/---
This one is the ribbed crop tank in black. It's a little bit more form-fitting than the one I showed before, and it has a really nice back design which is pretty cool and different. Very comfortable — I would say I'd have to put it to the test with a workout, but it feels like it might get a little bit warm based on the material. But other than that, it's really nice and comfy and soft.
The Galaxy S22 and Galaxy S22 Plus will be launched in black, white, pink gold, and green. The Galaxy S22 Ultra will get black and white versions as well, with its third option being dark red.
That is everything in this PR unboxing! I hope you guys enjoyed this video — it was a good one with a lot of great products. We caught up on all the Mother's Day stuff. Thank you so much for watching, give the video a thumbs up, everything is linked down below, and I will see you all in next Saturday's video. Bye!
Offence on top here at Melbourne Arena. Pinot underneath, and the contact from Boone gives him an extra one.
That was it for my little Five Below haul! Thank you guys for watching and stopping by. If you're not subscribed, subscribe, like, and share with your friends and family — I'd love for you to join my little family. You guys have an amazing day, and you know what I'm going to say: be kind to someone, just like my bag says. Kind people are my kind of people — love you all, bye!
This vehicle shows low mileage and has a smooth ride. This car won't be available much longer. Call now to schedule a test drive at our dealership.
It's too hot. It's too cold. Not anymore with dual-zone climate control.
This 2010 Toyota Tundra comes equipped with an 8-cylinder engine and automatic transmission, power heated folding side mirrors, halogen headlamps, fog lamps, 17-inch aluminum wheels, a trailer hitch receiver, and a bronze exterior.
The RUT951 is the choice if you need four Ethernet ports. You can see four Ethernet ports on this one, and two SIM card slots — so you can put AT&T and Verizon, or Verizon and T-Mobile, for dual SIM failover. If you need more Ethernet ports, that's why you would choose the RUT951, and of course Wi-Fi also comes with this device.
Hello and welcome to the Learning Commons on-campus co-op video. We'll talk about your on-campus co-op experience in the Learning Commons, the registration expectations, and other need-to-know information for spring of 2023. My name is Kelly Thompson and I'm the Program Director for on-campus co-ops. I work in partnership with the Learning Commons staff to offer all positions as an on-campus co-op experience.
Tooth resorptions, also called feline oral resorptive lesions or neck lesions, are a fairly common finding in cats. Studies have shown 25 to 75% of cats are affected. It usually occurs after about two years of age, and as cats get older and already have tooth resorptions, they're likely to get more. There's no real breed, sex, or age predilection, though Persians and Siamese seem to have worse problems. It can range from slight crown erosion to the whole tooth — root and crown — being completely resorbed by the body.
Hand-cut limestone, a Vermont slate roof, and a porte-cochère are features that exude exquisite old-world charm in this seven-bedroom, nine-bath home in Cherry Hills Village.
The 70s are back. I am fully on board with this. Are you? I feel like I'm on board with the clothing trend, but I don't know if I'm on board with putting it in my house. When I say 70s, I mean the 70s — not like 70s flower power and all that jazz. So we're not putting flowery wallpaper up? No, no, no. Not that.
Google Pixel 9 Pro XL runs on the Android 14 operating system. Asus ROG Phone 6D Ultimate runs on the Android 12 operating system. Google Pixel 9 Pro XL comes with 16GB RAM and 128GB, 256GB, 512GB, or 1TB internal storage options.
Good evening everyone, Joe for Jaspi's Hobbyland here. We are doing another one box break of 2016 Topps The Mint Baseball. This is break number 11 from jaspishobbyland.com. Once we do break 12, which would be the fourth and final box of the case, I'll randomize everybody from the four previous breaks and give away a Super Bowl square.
\---
■ **TASK OBJECTIVE**: Set down, exactly as written, each line of the data from its opening line through the one containing "Offence on top". Output nothing more.

■ **YOUR RESPONSE**:
This one is the ribbed crop tank in black. It's a little bit more form-fitting than the one I showed before, and it has a really nice back design which is pretty cool and different. Very comfortable — I would say I'd have to put it to the test with a workout, but it feels like it might get a little bit warm based on the material. But other than that, it's really nice and comfy and soft.
The Galaxy S22 and Galaxy S22 Plus will be launched in black, white, pink gold, and green. The Galaxy S22 Ultra will get black and white versions as well, with its third option being dark red.
That is everything in this PR unboxing! I hope you guys enjoyed this video — it was a good one with a lot of great products. We caught up on all the Mother's Day stuff. Thank you so much for watching, give the video a thumbs up, everything is linked down below, and I will see you all in next Saturday's video. Bye!
Offence on top here at Melbourne Arena. Pinot underneath, and the contact from Boone gives him an extra one.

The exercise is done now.